The Absence or Addition of Fish
by Scott Wrobel

Screenwriting 5001: "Finish-the-Script" Assignment

Your task is to read the opening scene from the following unfinished screenplay and keep writing until you finish a three-act screenplay, which you will present at semester's end in my office.

     Dr. Thomas Edwards, Phd.
     English Department Chair

FADE IN:

INT. STUDIO APARTMENT – LATE NIGHT

CLOSE ON: TELEVISION SCREEN SHOWING A TROPICAL FISH AQUARIUM

Ten fish swim: two fantail Guppies, two Angel Fish, two Gouramies, and four Zebra fish. All fish except the Zebras hang motionless in pairs in opposite corners of the tank. The Angel Fish hover over the forest of plastic plants. The Zebras swim back and forth across the top, chasing each other like kids on a playground.

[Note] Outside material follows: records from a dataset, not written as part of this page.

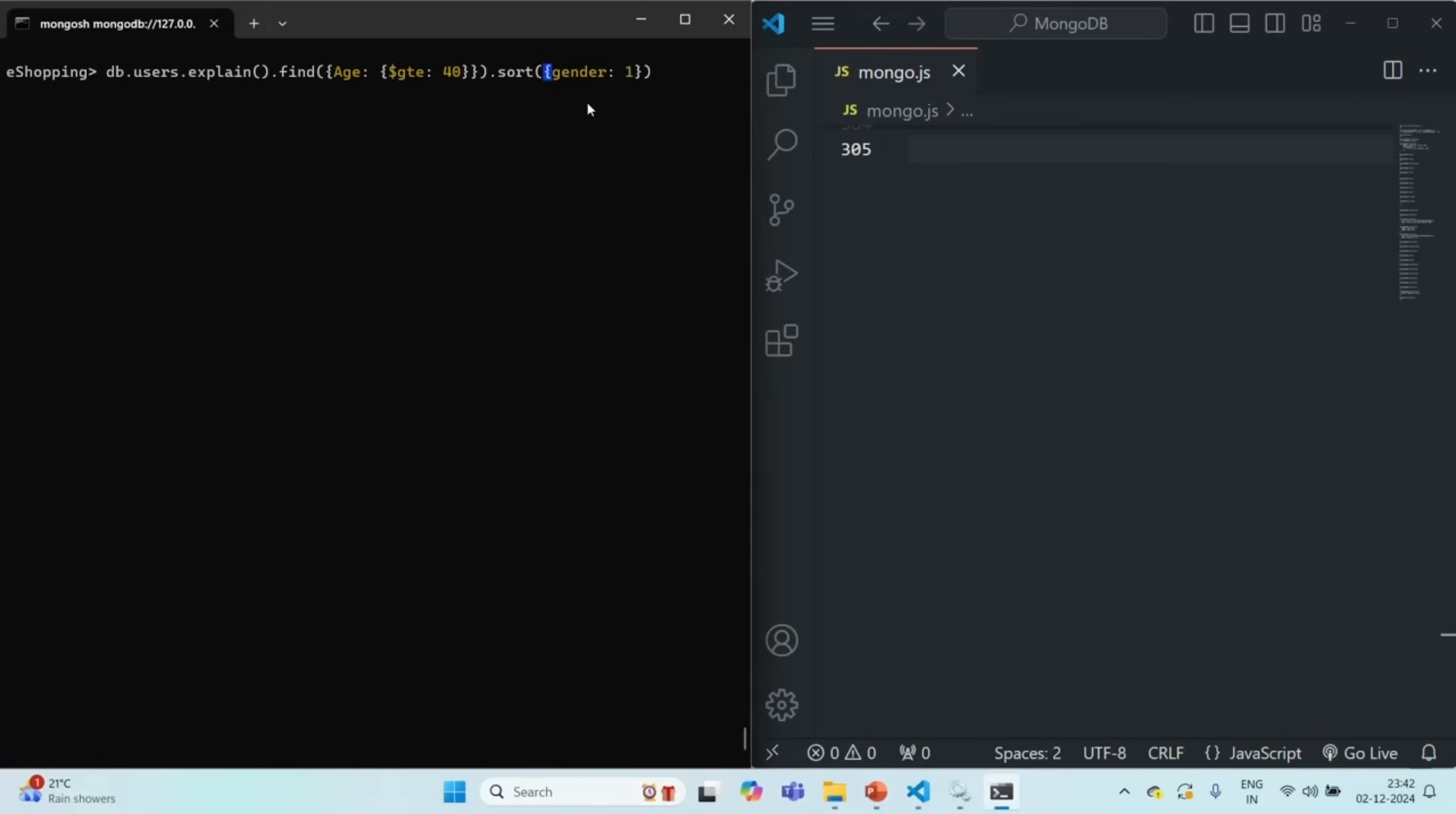Now if you remember in the last lecture we created an index, and here this G should be in uppercase. So in the last lecture we created an index on the age field and gender field. So basically we created a compound index.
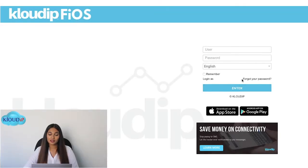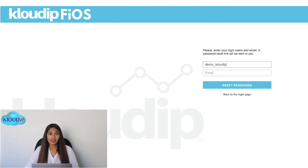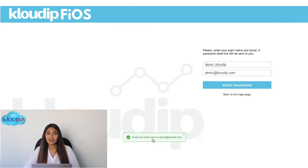Click on the forgot your password link which is below the login section. Type in your username. Type in your registered email address. Click on reset password. Now check your email address where a link has been sent to change your password. Thank you for watching Cloud Support.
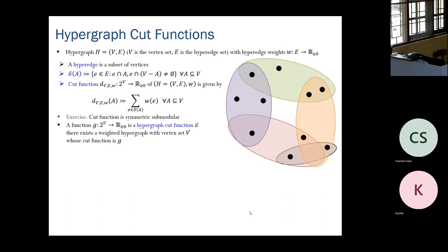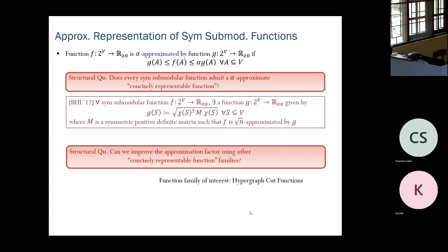If every hyperedge has size two, the hypergraph is a graph, and we call g a graph cut function. Graph cut functions are special cases of hypergraph cut functions.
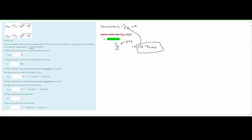We plug VRMS into the first equation: 170 squared divided by our resistance of 480 ohms gives us approximately 60 watts. So the answer for part A is 60 watts of average power.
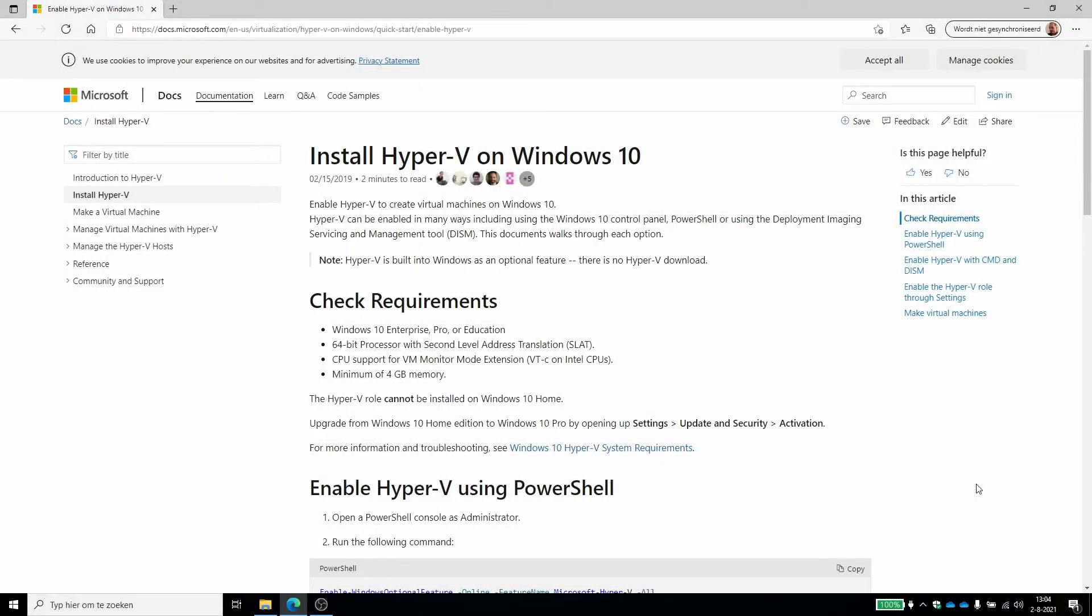Hello and welcome to this TechTarget video about installing a Hyper-V lab environment. So what do we need to create a Hyper-V lab environment?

We hear only the sound of aquarium bubbles, a recurring image, and there will be other circular objects as well -- clocks, baseballs, globes -- that will reflect the "life-cycle" theme that mirrors the plot, which begins here and ends here, with a full-screen shot of an aquarium, but instead of there being ten fish at the end, there should be fewer, or more. Either way, the absence or addition of fish should be significant to the arc. You decide.

ZOOM OUT – SLOW CONTINUOUS

The camera pulls back to reveal the sprinkling of fish food. The fish bolt for the surface, chopping into the flakes that fall like the snow in Christmas globes, except these flakes are brown and yellow, the colors of decay, which reflect the main character's descent.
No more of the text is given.